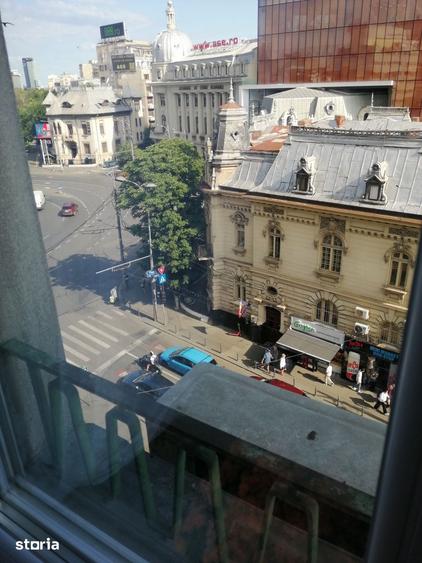 Apartament cu 3 camere în Romană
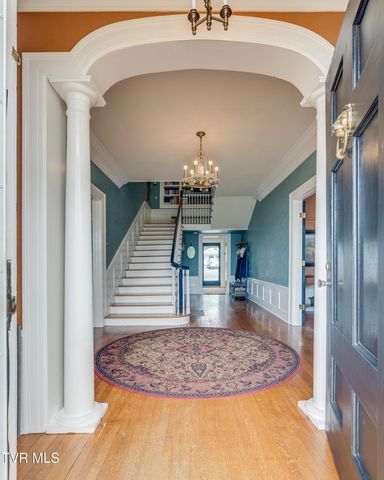 207 Lynwood Street, Bristol, TN 37620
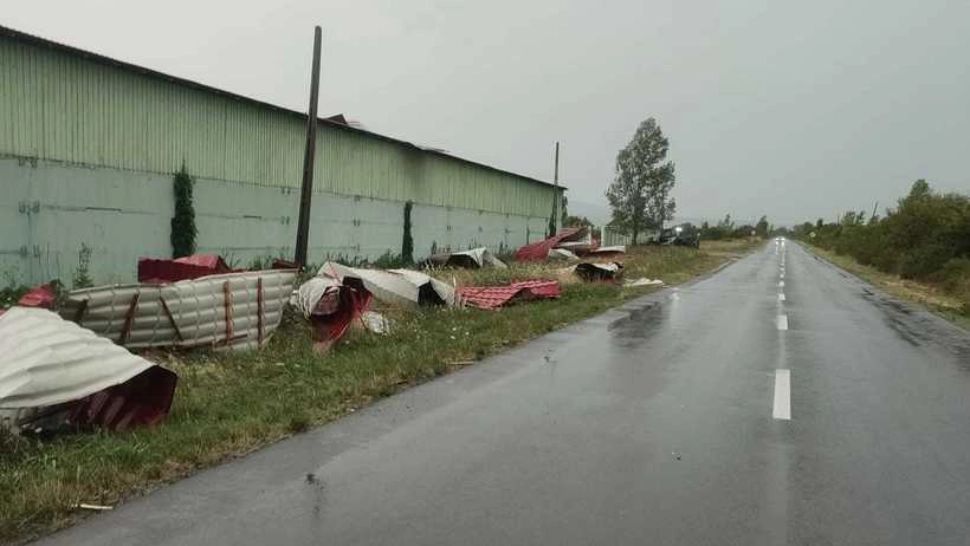 Furtună devastatoare în Caraș-Severin: acoperișuri smulse, copaci căzuți și un stâlp prăbușit peste o mașină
******
Any picture in the listing above gets left out; output the rest exactly.

◆ Worked solution
 Apartament cu 3 camere în Romană
 207 Lynwood Street, Bristol, TN 37620
 Furtună devastatoare în Caraș-Severin: acoperișuri smulse, copaci căzuți și un stâlp prăbușit peste o mașină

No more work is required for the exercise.